Your assignment:
An exact transcription is needed, beginning at the line with "L eccezione in" and ending at the last line of the listing, with pictures left out and nothing else added.

=== Supplied material ===

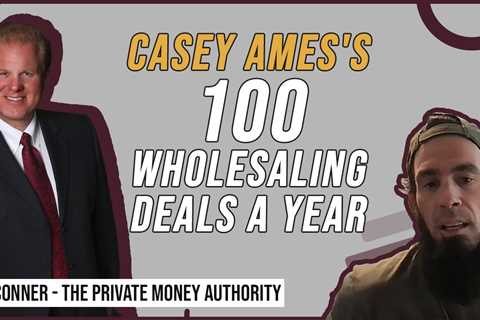 Casey Ames's 100 Wholesaling Deals A Year | Jay Conner, The Private Money Authority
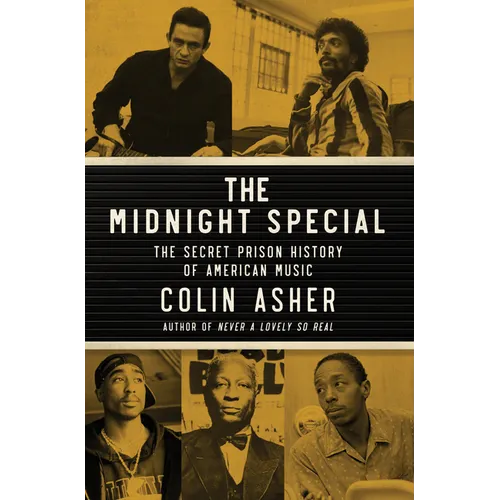 The Midnight Special: The Secret Prison History of American Music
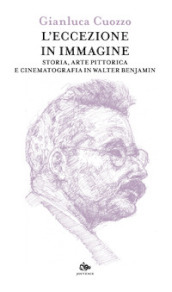L eccezione in immagine. Storia, arte pittorica e cinematografia in Walter Benjamin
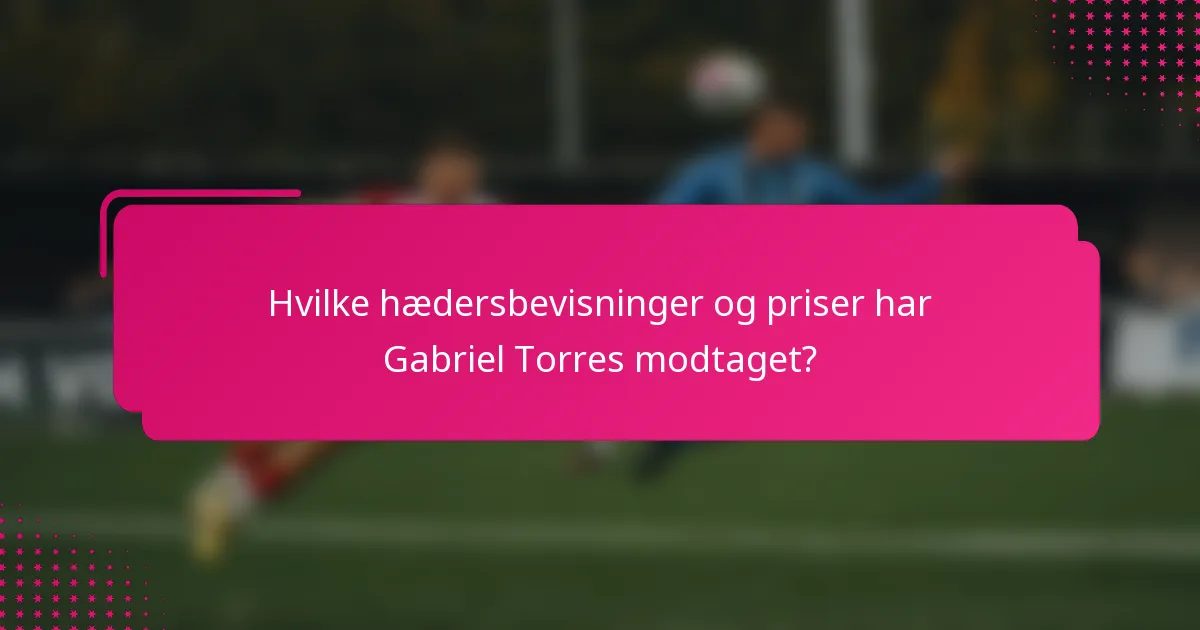 Hvilke hædersbevisninger og priser har Gabriel Torres modtaget?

===

Solved problem:
L eccezione in immagine. Storia, arte pittorica e cinematografia in Walter Benjamin
 Hvilke hædersbevisninger og priser har Gabriel Torres modtaget?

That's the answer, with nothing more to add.